PROBLEM REQUIREMENTS: The output is the line containing "claudia-perez's Live Sex Cam Show" plus every later line down to the end of the listing below, copied exactly. No pictures belong in it.

RECORDED INFORMATION:
━━━━━━━━━━━━━━━━

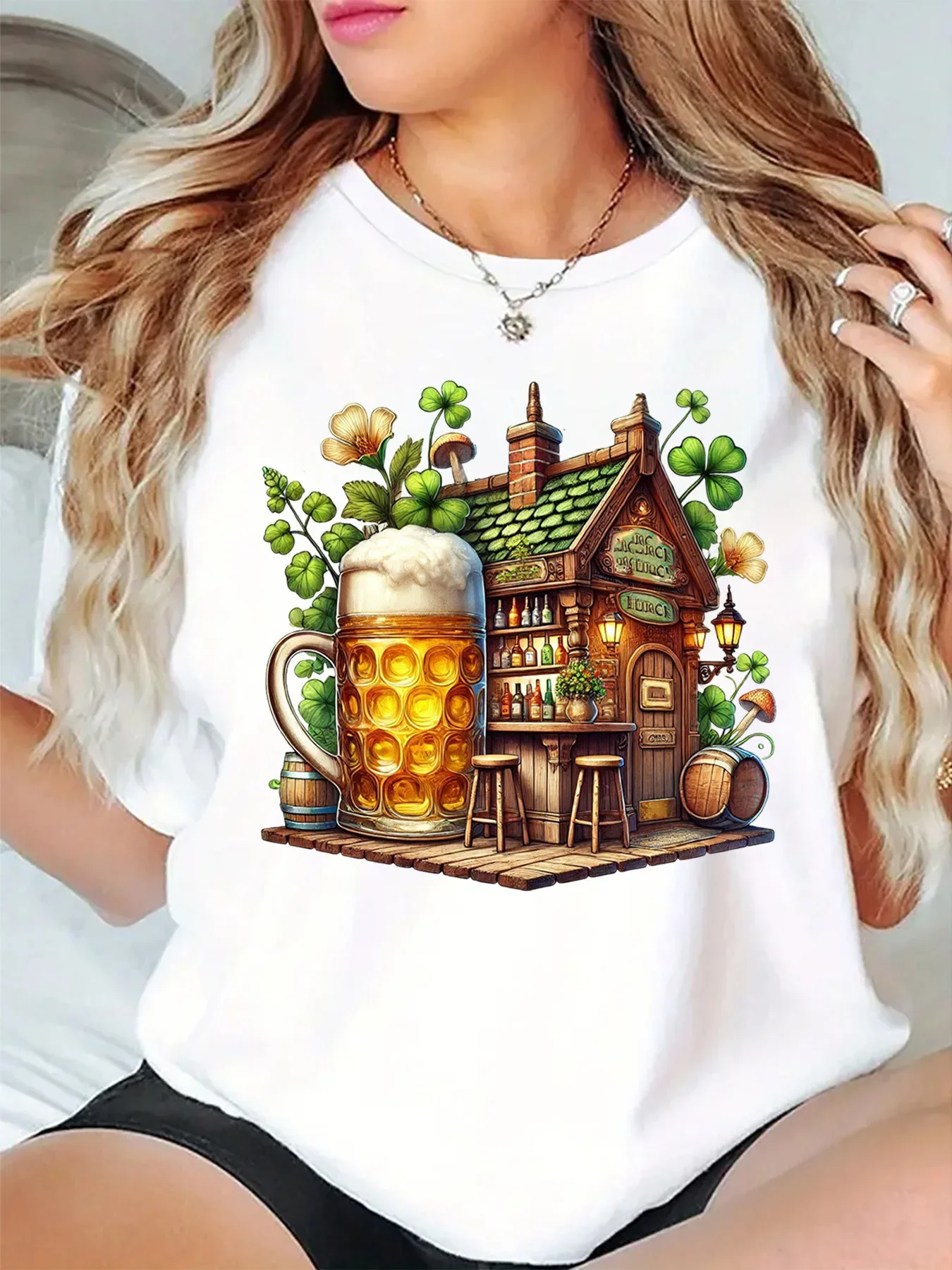 Cute Retro Pub House With Giant Beer Mug And Clover Art Print Graphic Ladies T Shirt Short Sleeve Crew Neck Casual Tee Tops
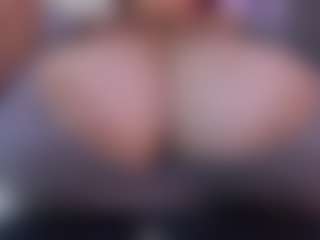 claudia-perez's Live Sex Cam Show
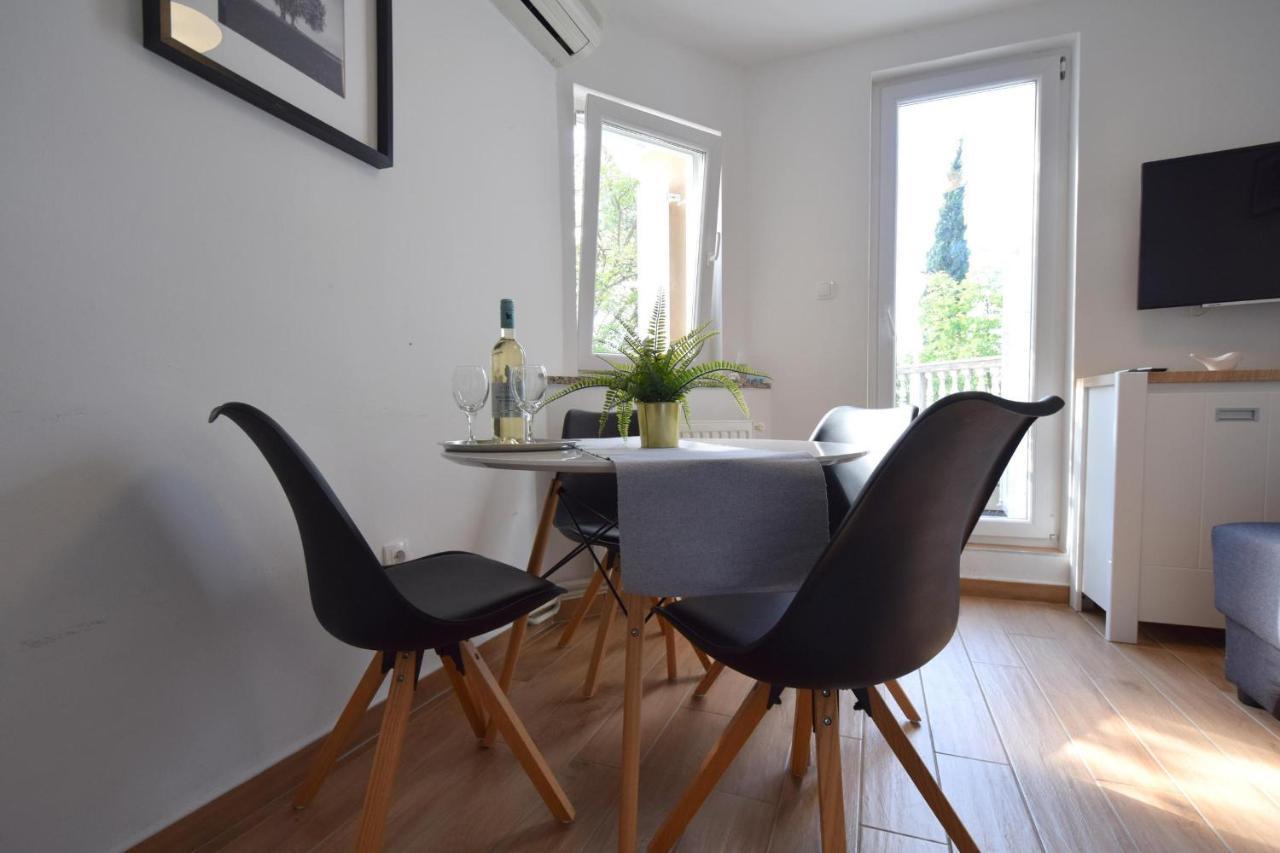 Apartments Julia Čižići 외부 사진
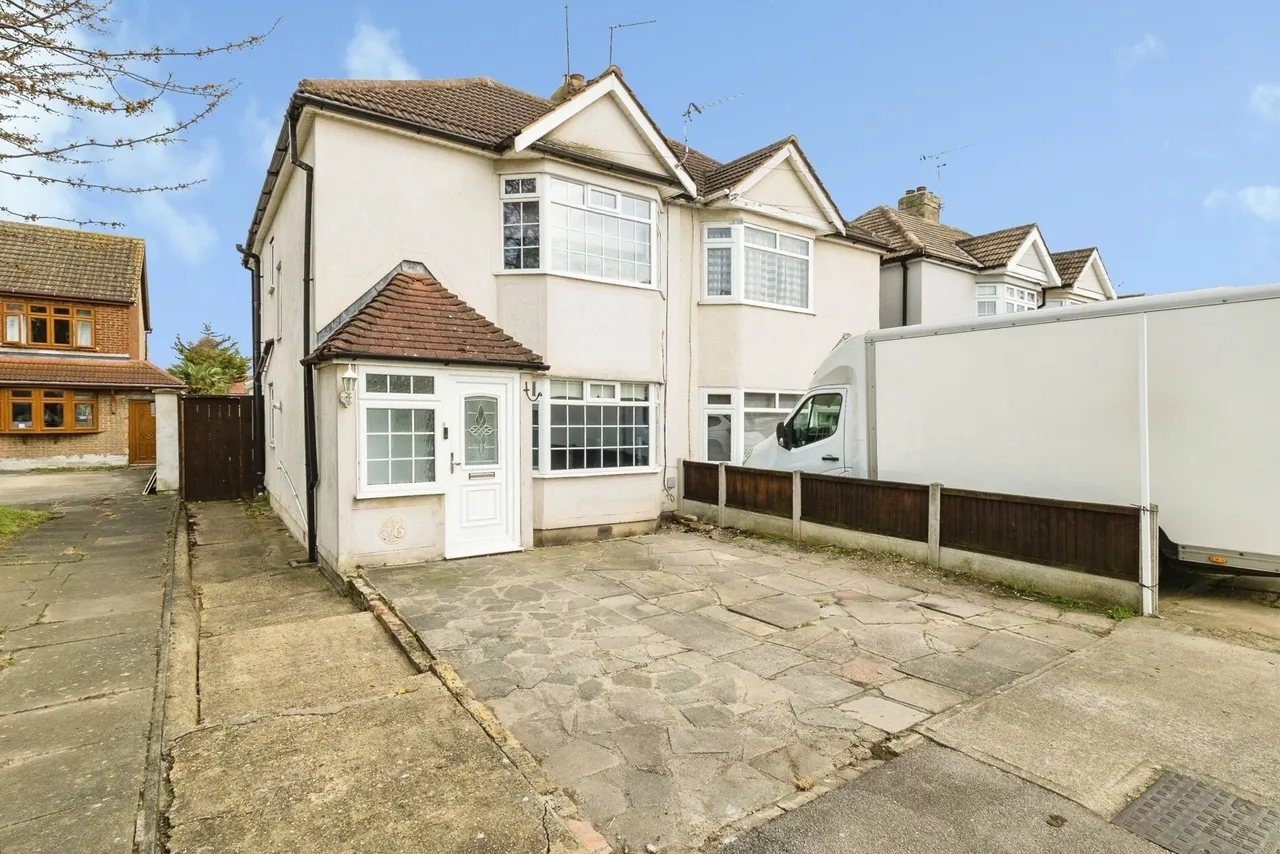 3 bed house for sale — Heaton Way, Romford, RM3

━━━━━━━━━━━━━━━━

WRITTEN RESPONSE:
 claudia-perez's Live Sex Cam Show
 Apartments Julia Čižići 외부 사진
 3 bed house for sale — Heaton Way, Romford, RM3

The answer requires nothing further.